━━━ INPUT RECORDS ━━━
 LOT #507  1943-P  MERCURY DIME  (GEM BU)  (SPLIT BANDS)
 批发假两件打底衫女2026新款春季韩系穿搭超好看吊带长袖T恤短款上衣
━━━
━━━ INPUT RECORDS ━━━
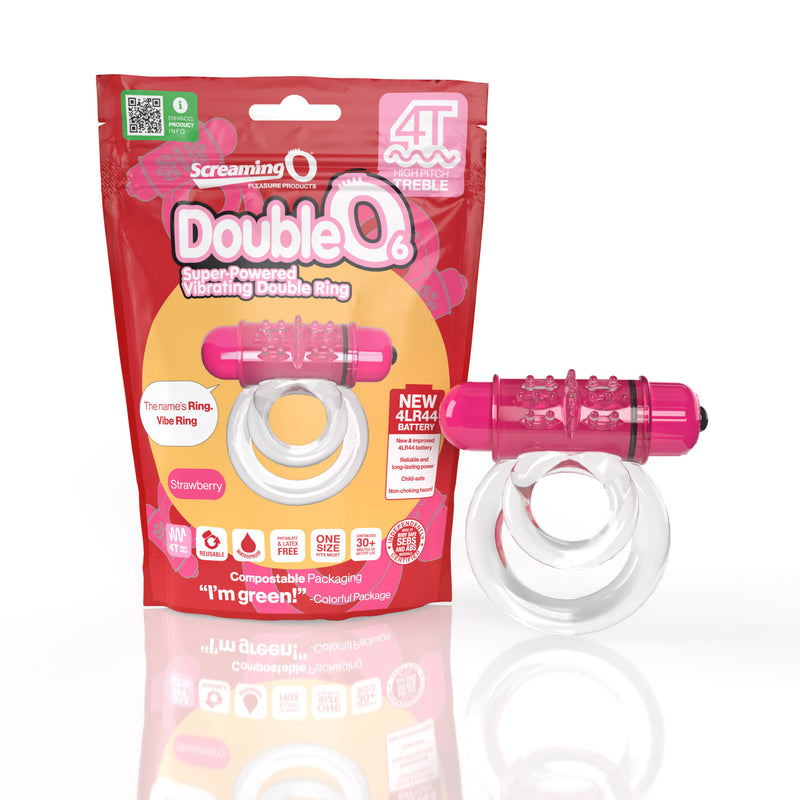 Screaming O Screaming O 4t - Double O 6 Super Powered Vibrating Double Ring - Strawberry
━━━
━━━ INPUT RECORDS ━━━
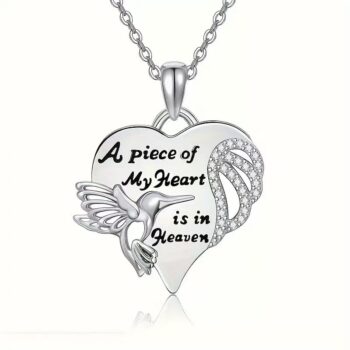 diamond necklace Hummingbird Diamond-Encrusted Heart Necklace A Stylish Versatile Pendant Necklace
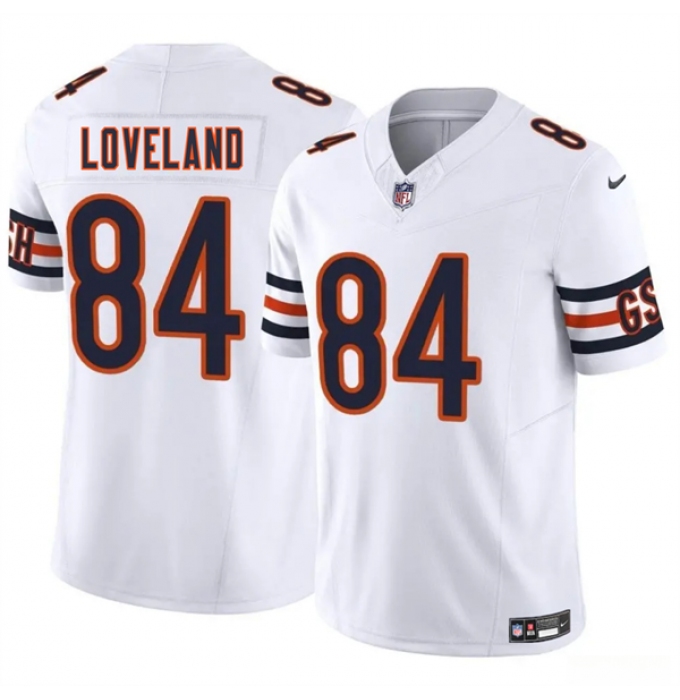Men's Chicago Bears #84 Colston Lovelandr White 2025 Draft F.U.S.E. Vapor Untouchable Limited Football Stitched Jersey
━━━
= TRY IT =
Pictures aside, return exactly the lines from the data above, starting at the line that has "diamond necklace Hummingbird" and ending at the line that has "Men's Chicago Bears", both included.

= YOUR RESPONSE =
 diamond necklace Hummingbird Diamond-Encrusted Heart Necklace A Stylish Versatile Pendant Necklace
Men's Chicago Bears #84 Colston Lovelandr White 2025 Draft F.U.S.E. Vapor Untouchable Limited Football Stitched Jersey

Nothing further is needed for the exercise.